WHAT THIS TASK INVOLVES >>
Restate the data word for word. Leave the pictures out.

INFORMATION SUPPLIED >>
----

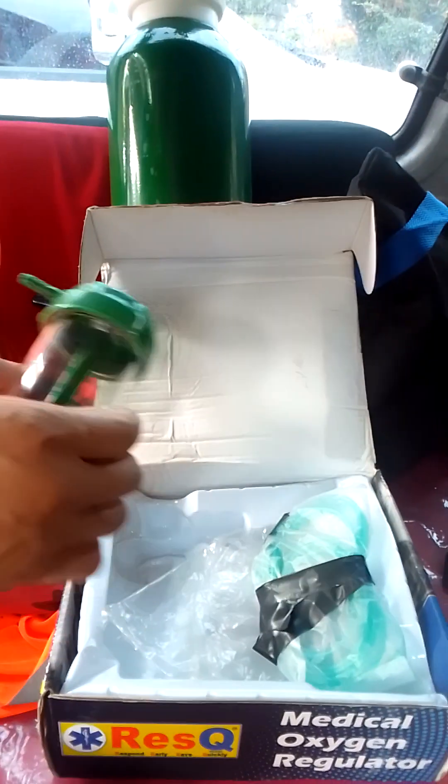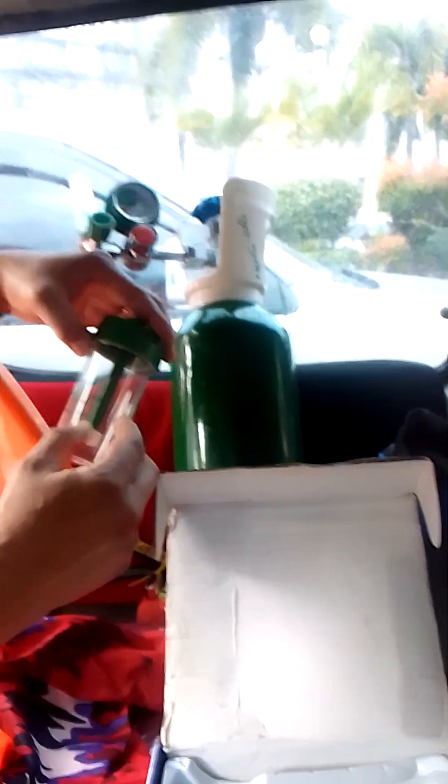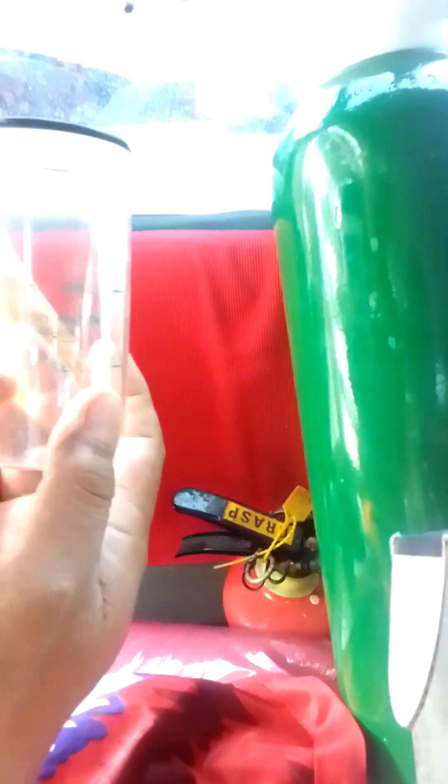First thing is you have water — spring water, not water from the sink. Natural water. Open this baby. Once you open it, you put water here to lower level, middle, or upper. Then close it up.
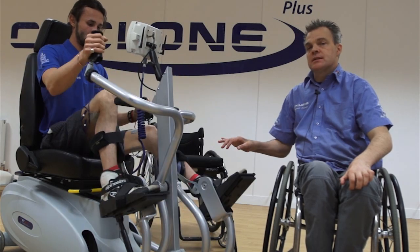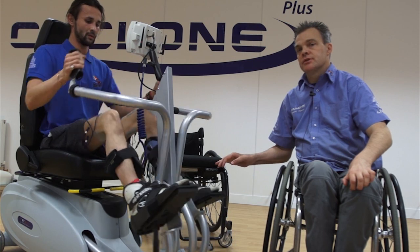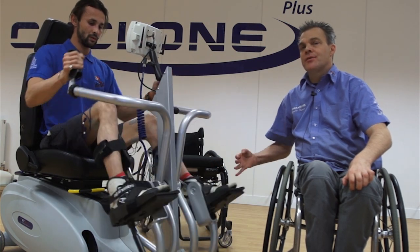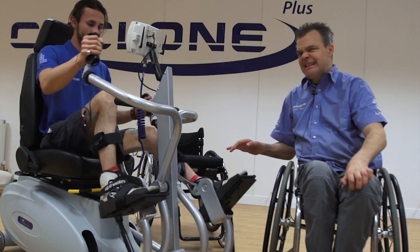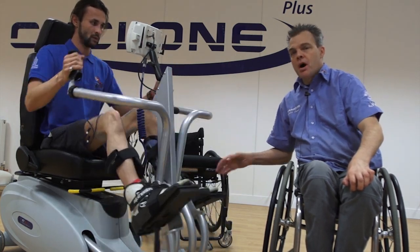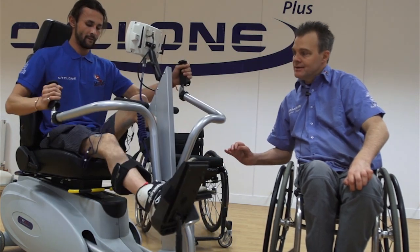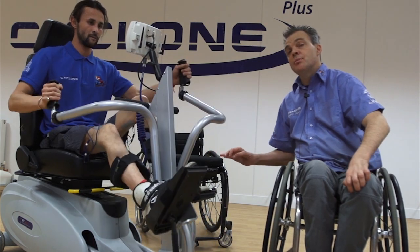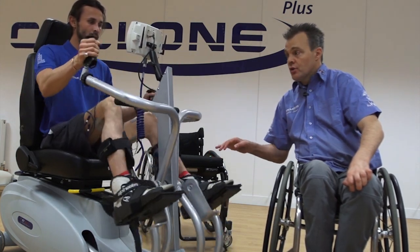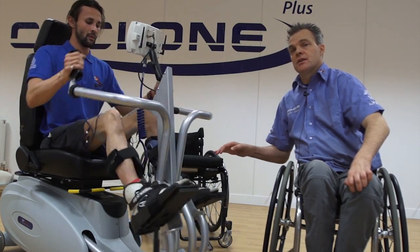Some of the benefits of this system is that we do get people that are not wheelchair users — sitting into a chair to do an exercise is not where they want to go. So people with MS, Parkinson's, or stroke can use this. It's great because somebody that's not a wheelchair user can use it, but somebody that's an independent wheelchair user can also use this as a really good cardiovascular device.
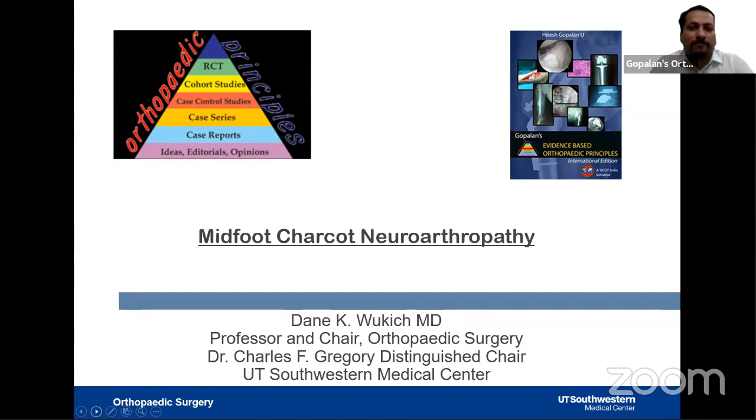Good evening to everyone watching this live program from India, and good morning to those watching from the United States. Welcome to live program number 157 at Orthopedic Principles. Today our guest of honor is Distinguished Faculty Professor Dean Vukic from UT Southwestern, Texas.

----

SOLUTION TO THE EXERCISE >>
First thing is you have water — spring water, not water from the sink. Natural water. Open this baby. Once you open it, you put water here to lower level, middle, or upper. Then close it up.
Some of the benefits of this system is that we do get people that are not wheelchair users — sitting into a chair to do an exercise is not where they want to go. So people with MS, Parkinson's, or stroke can use this. It's great because somebody that's not a wheelchair user can use it, but somebody that's an independent wheelchair user can also use this as a really good cardiovascular device.
Good evening to everyone watching this live program from India, and good morning to those watching from the United States. Welcome to live program number 157 at Orthopedic Principles. Today our guest of honor is Distinguished Faculty Professor Dean Vukic from UT Southwestern, Texas.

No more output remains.